## Exercise aim
Write out only the lines from the line that holds "Manisha D'souza - Live" to the end of the listing below, inclusive, with the pictures omitted.

## Exercise data
********
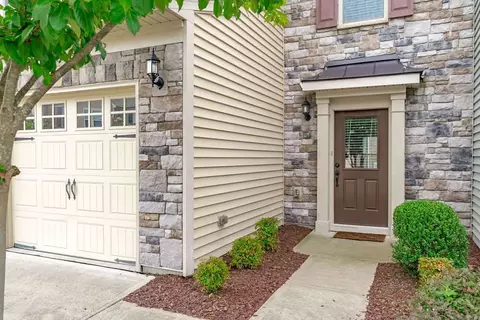 118 Brier Crossings Loop, Durham, NC 27703 photo 2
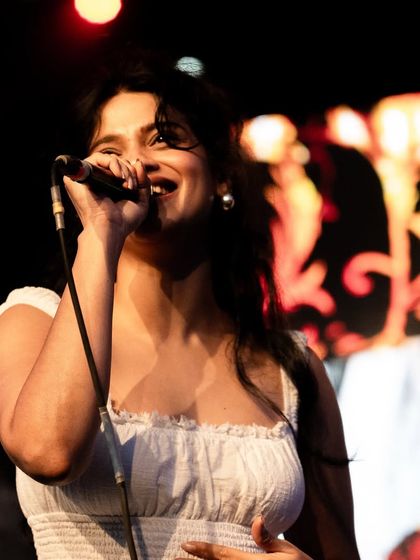 Manisha D'souza - Live Vocal Performance Main Stage Moments: Concerts & Festivals photo 4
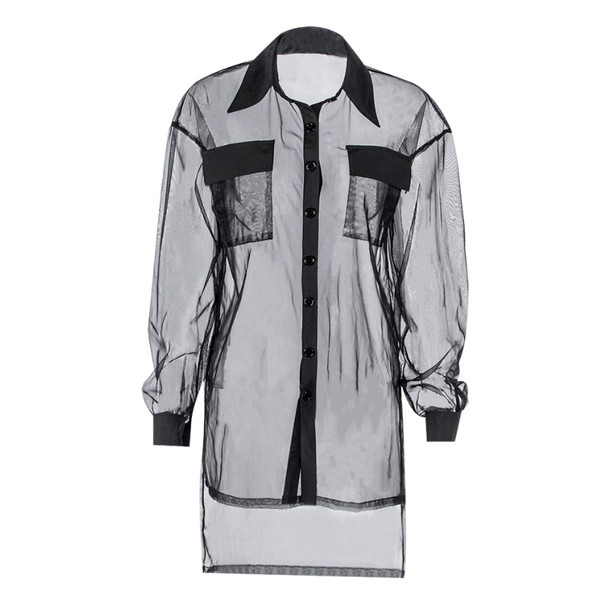 Ilgų permatomų marškinėlių platus modelis su klasikine apykakle ir sagomis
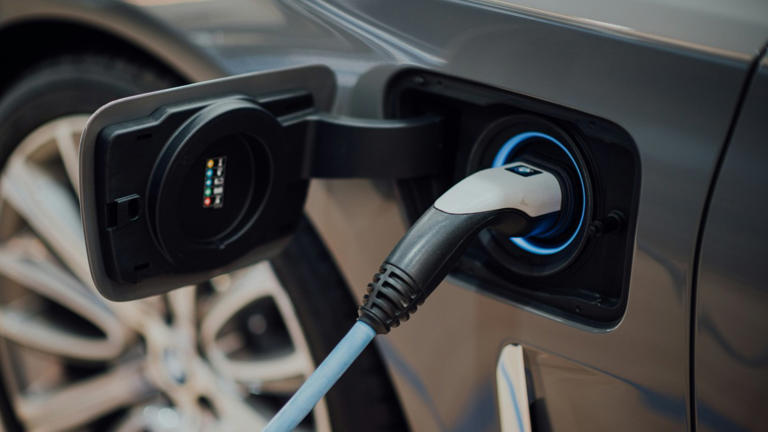 Car tax in Italy: which models will be exempt from 2027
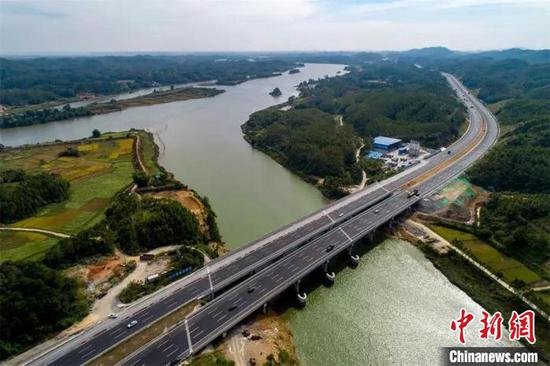 改扩建后的西江大桥横跨西江。钟欣 摄 改扩建后的西江大桥横跨西江。钟欣 摄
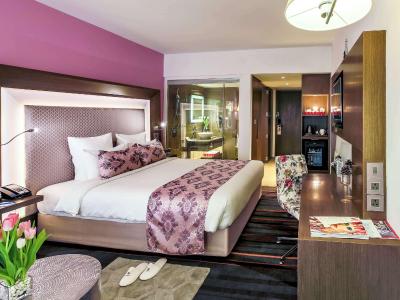 نیوتل نیو دهلی اروسیتی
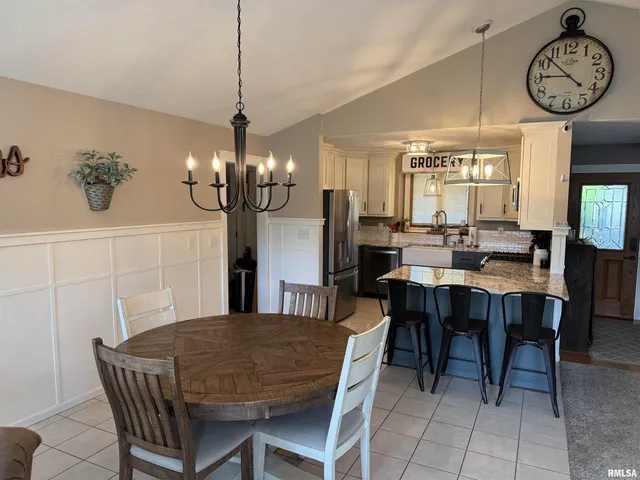 $297,500 | 212 East Garfield Street, Minier, IL 61759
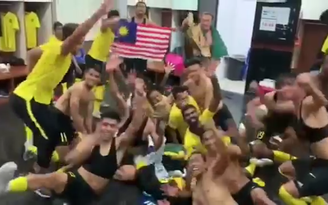 Tuyển thủ Malaysia "quẩy" tưng bừng sau khi đánh bại Thái Lan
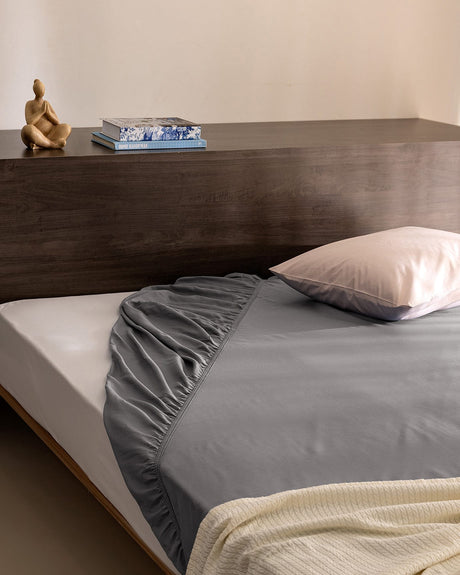 Ciel Twin 100% Cotton Sateen Fitted Sheet, Soft & Smooth Bedding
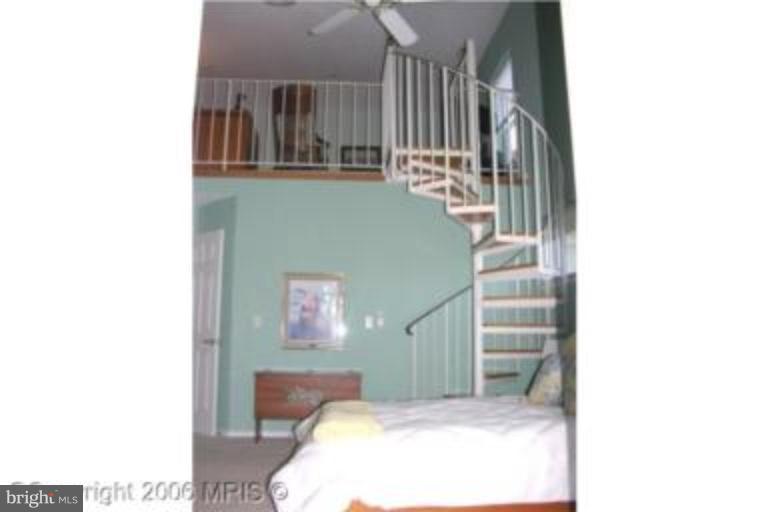 135 Square Rigger Way Solomons, MD 20688 - Photo 7 of 11 Staircase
********
## Finished task
 Manisha D'souza - Live Vocal Performance Main Stage Moments: Concerts & Festivals photo 4
 Ilgų permatomų marškinėlių platus modelis su klasikine apykakle ir sagomis
 Car tax in Italy: which models will be exempt from 2027
 改扩建后的西江大桥横跨西江。钟欣 摄 改扩建后的西江大桥横跨西江。钟欣 摄
 نیوتل نیو دهلی اروسیتی
 $297,500 | 212 East Garfield Street, Minier, IL 61759
 Tuyển thủ Malaysia "quẩy" tưng bừng sau khi đánh bại Thái Lan
 Ciel Twin 100% Cotton Sateen Fitted Sheet, Soft & Smooth Bedding
 135 Square Rigger Way Solomons, MD 20688 - Photo 7 of 11 Staircase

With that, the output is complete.